In this problem you will solve a particular inference task, trying to determine solely based on eye movement measurements which of the sentences read by the user is the right answer to a given question. This represents a prototypical inference task required by real proactive systems; the system infers from the implicit actions of the user something that the user decided in his mind.
The practical problem is a relatively straightforward classification task, and you are allowed to use any suitable classifier. However, some work will need to be done to find a good representation for the sentences.
The data used for this problem is given in Inferring relevance from eye movements challenge 2005. The data was originally released for a PASCAL Challenge, and is consequently well documented on the web site. In brief, the data contains 11 subjects viewing 50 questions each (for training and validation data). For each question the subjects read 10 sentences (possible answers to the questions), and each answer is classified as one of three possible labels: one of the answers is the right one (C), some of them are relevant for the topic of the question but do not contain the answer (R), while the rest are completely irrelevant (I). The data consists of 27-dimensional feature vectors given for every occurrence of the subject seeing a single word. That is, the data set is a sequence of words seen by the subject. The features are explained in a technical report
Note that you need to do all the learning on the training data. The validation data can additionally be used for preliminary evaluation of accuracy or for tuning additional parameters of the model, but you are not allowed to take a look at the test data labels provided on the website. The test data will only be used for final evaluation of the model.

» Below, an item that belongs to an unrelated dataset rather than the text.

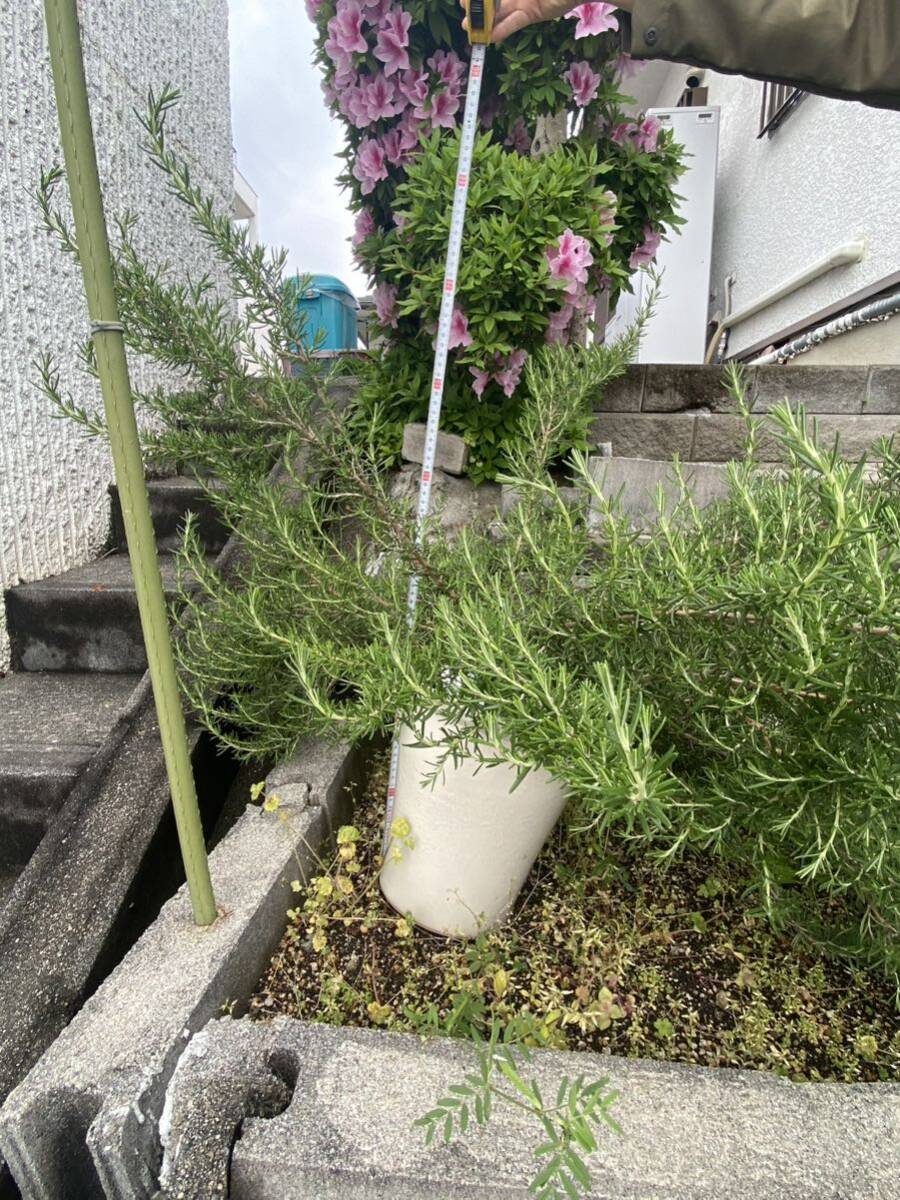  Osaka departure! receipt limitation (pick up)! extra-large rosemary majo LUKA pink pot attaching meat cookery etc. optimum! insect repellent herb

Your task is to learn a classifier that learns to classify each of the possible answers as one of the three class labels (C/R/I). Note that the original data vectors are given for individual words in the answers and not for the answers themselves, and hence the problem cannot be solved by direct application of off-the-shelf classifiers. Instead, you will need to represent the sentences somehow. Note that the same word may be viewed more than once.
Implement your solution as if you were taking part in the Competition 1 described on the web page. You are free to choose any classifier algorithm and feature representation for the sentences, but you need to clearly justify the choices. In particular, you should argue why the choices could be good for this data. In order to do that, you most likely need to perform some exploratory data analysis first to learn what the data looks like. Report also these preliminary analyzes, since they belong to the process of actually solving a classification problem well.
On the website you will find results of the original competition participants, measured using specific evaluation criteria. Compare your accuracy with those, and discuss the results. Did you beat some of them? Would your result be significantly worse or better in a practical application? What could the reasons be for different performance, and how could your solution be improved?
In addition to computing the accuracy measures used in the competition, try to illustrate the usefulness of your solution by some other means. Would some other goodness measure be more informative? The dummy model that predicts everything to be irrelevant has reasonable accuracy (though you should still aim to beat that by a decent margin) but would naturally be worthless in a real application.
You can also try solving two different binary classification tasks: irrelevant vs relevant+correct, and irrelevant+relevant vs correct. Is either of these considerably easier to solve than the other? Why could that be?